Member of the Minnesota House of Representatives from the 6A district
- Incumbent
- Assumed office January 3, 2023
- Preceded by: Redistricted

Personal details
- Born: May 24, 1977 (age 49)
- Party: Republican
- Spouse: Dawn
- Children: 6
- Occupation: Pastor; Legislator;
- Website: Government website

= Ben Davis (Minnesota politician) =

American politician

Ben Davis (born May 24, 1977) is an American politician serving in the Minnesota House of Representatives since 2023. A member of the Republican Party of Minnesota, Davis represents District 6A in northern Minnesota, which includes the city of Grand Rapids and parts of Cass, Crow Wing, and Itasca Counties.

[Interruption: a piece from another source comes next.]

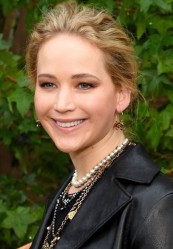 Jennifer Lawrence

== Minnesota House of Representatives ==
Davis was elected to the Minnesota House of Representatives in 2022. He first ran in an open seat after redistricting and the retirement of three-term Republican incumbent John Poston.

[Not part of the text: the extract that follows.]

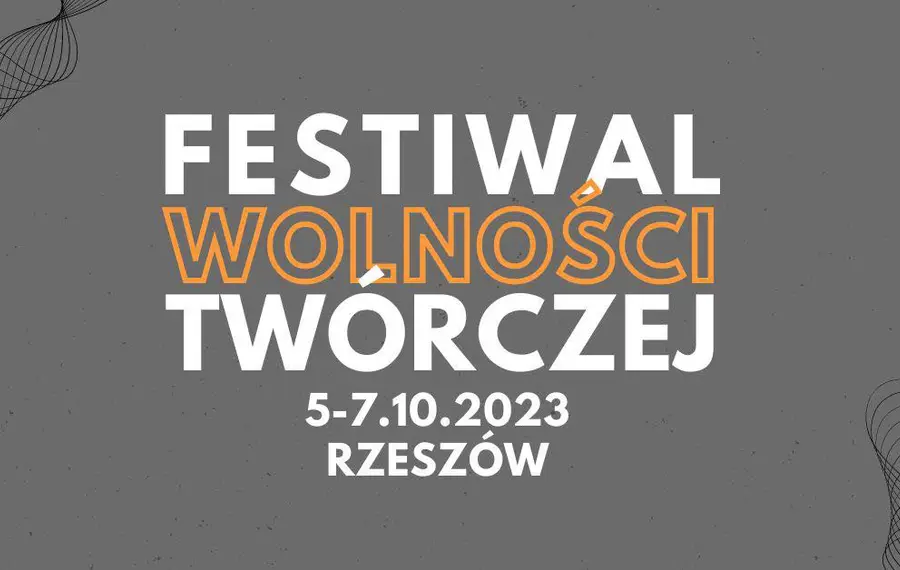 Festiwal Wolności Twórczej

Davis was among those supporting for an audit of 2020 election results in Crow Wing County, saying he wanted to make sure the laws were followed and no fraud occurred.

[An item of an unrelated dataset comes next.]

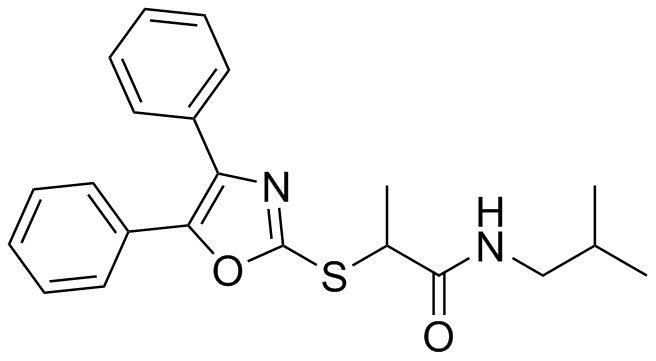 Oxazole Impurity 10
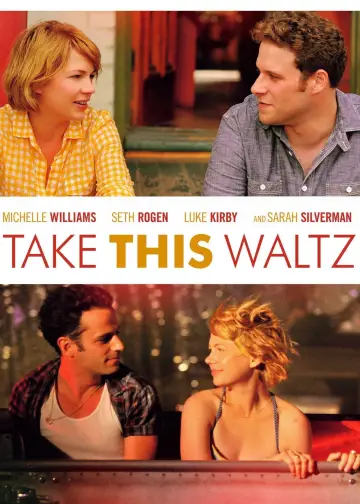 Постер до фильму"Take This Waltz" #290059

Davis serves on the Children and Families Finance and Policy, Climate and Energy Finance and Policy, and Elections Finance and Policy Committees.

== Electoral history ==

2022 Minnesota State House - District 6A
| Party |  | Candidate | Votes | % |
|---|---|---|---|---|
|  | Republican | Ben Davis | 13,657 | 62.30 |
|  | Democratic (DFL) | Richard (Rick) Blake | 8,258 | 37.67 |
|  | Write-in |  | 7 | 0.03 |
| Total votes |  |  | 21,922 | 100.0 |
|  | Republican hold |  |  |  |

== Personal life ==
Davis lives in Merrifield, Minnesota, with his wife, Dawn, and six children. He is a pastor at Remnant Ministry Center, a nondenominational church in Brainerd, Minnesota.